## Work instructions
An exact copy of every entry is required, without the pictures.
◆ ◆ ◆
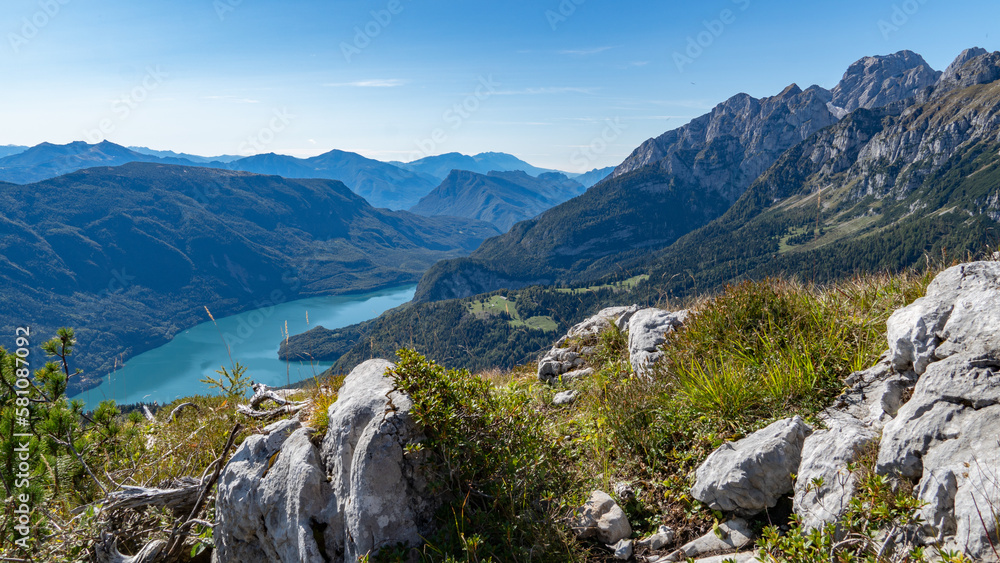 Fototapeta premium Lago di Molveno (Italien)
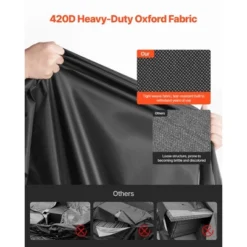 VEVOR Patio Furniture Cover, 420D Heavy Duty Waterproof Outdoor Dining Table And Chairs Cover, Large Squre Patio Table Covers, Black -Aesthtic Interiors GUEST 0dbf8d58 bdd3 4e23 907d 41eaa152ed71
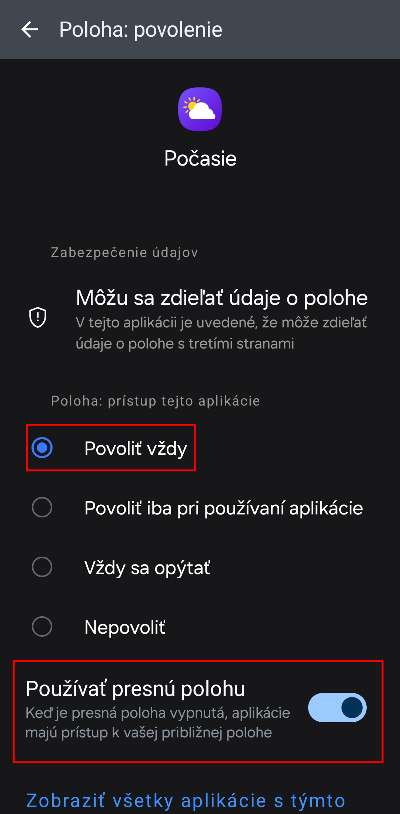 yahoo pocasie upozornenie na burky ako zapnut_1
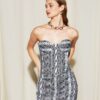 Alina cotton printed corset top | Ananke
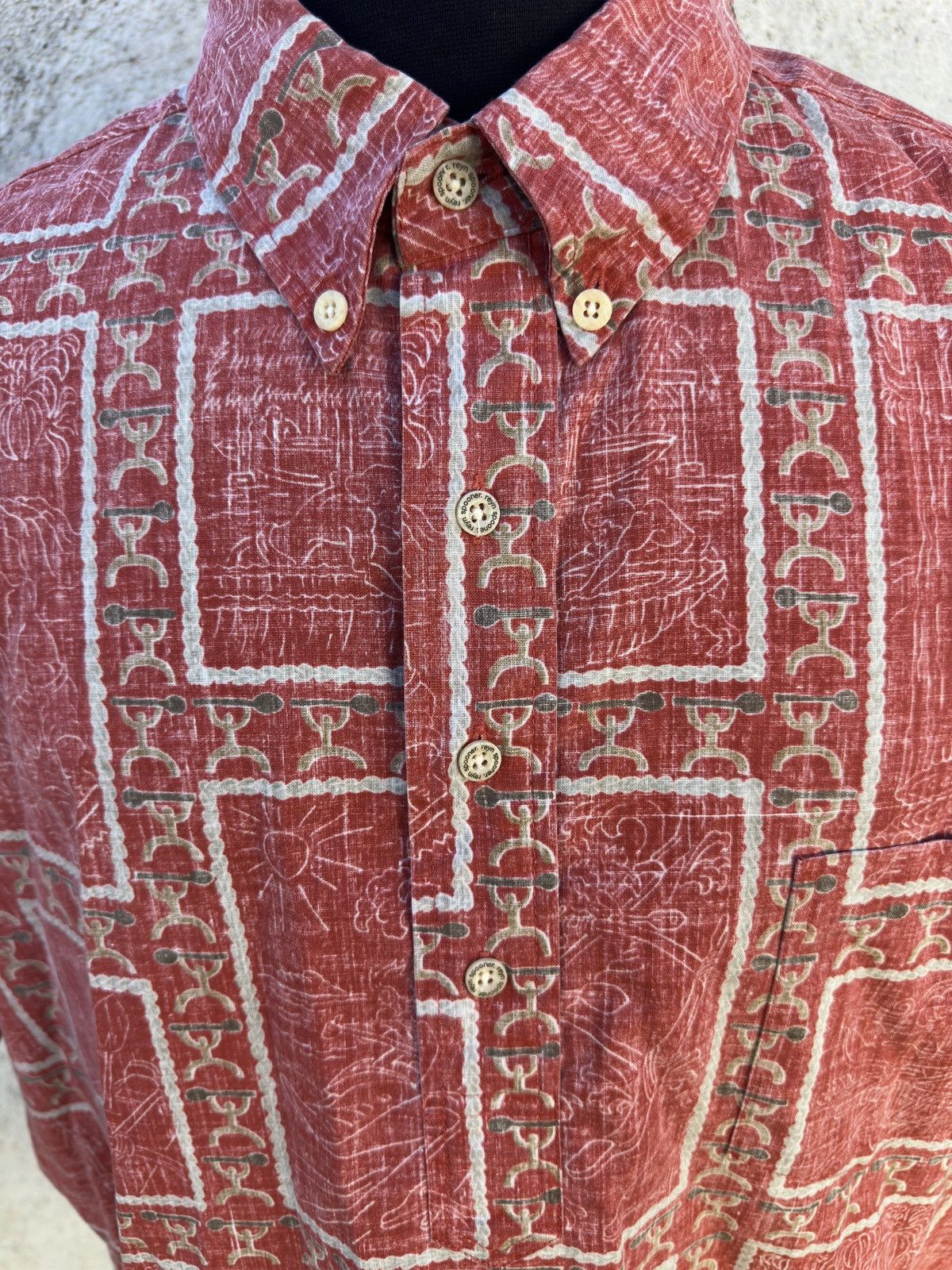 Reyn Spooner Reyn Spooner Dietrich Varez Red Hawaiian Print Men's XL Size US XL / EU 56 / 4 - 3 Thumbnail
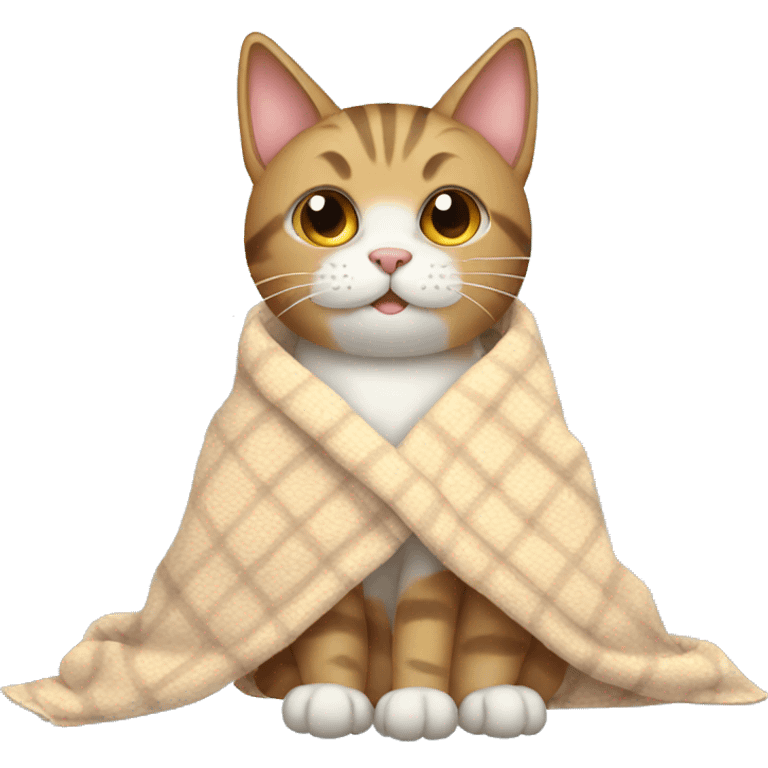  cat with blanket emoji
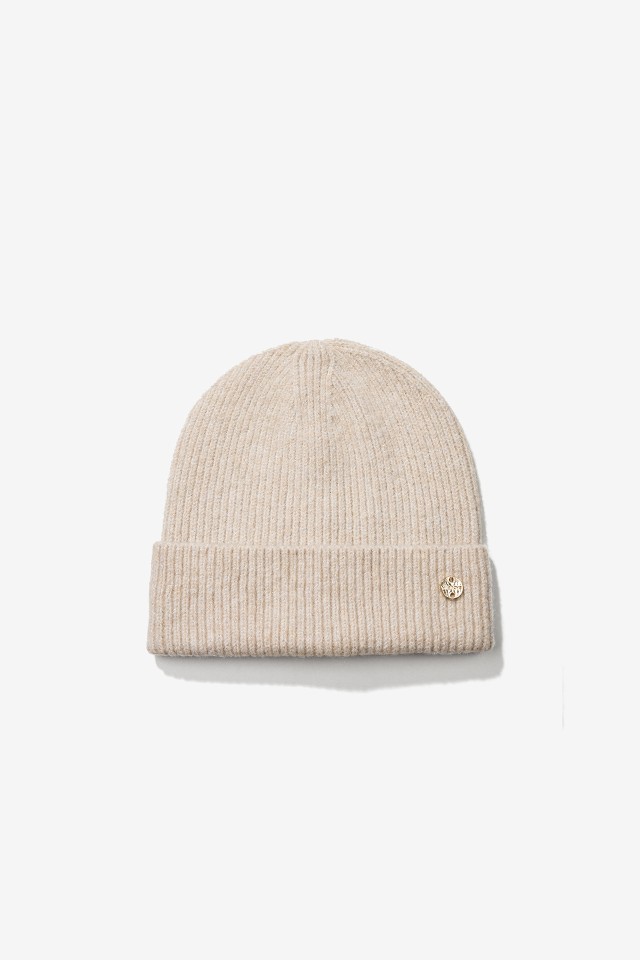 Gorro bege com brilho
◆ ◆ ◆
## Your solution
 Fototapeta premium Lago di Molveno (Italien)
 VEVOR Patio Furniture Cover, 420D Heavy Duty Waterproof Outdoor Dining Table And Chairs Cover, Large Squre Patio Table Covers, Black -Aesthtic Interiors GUEST 0dbf8d58 bdd3 4e23 907d 41eaa152ed71
 yahoo pocasie upozornenie na burky ako zapnut_1
 Alina cotton printed corset top | Ananke
 Reyn Spooner Reyn Spooner Dietrich Varez Red Hawaiian Print Men's XL Size US XL / EU 56 / 4 - 3 Thumbnail
  cat with blanket emoji
 Gorro bege com brilho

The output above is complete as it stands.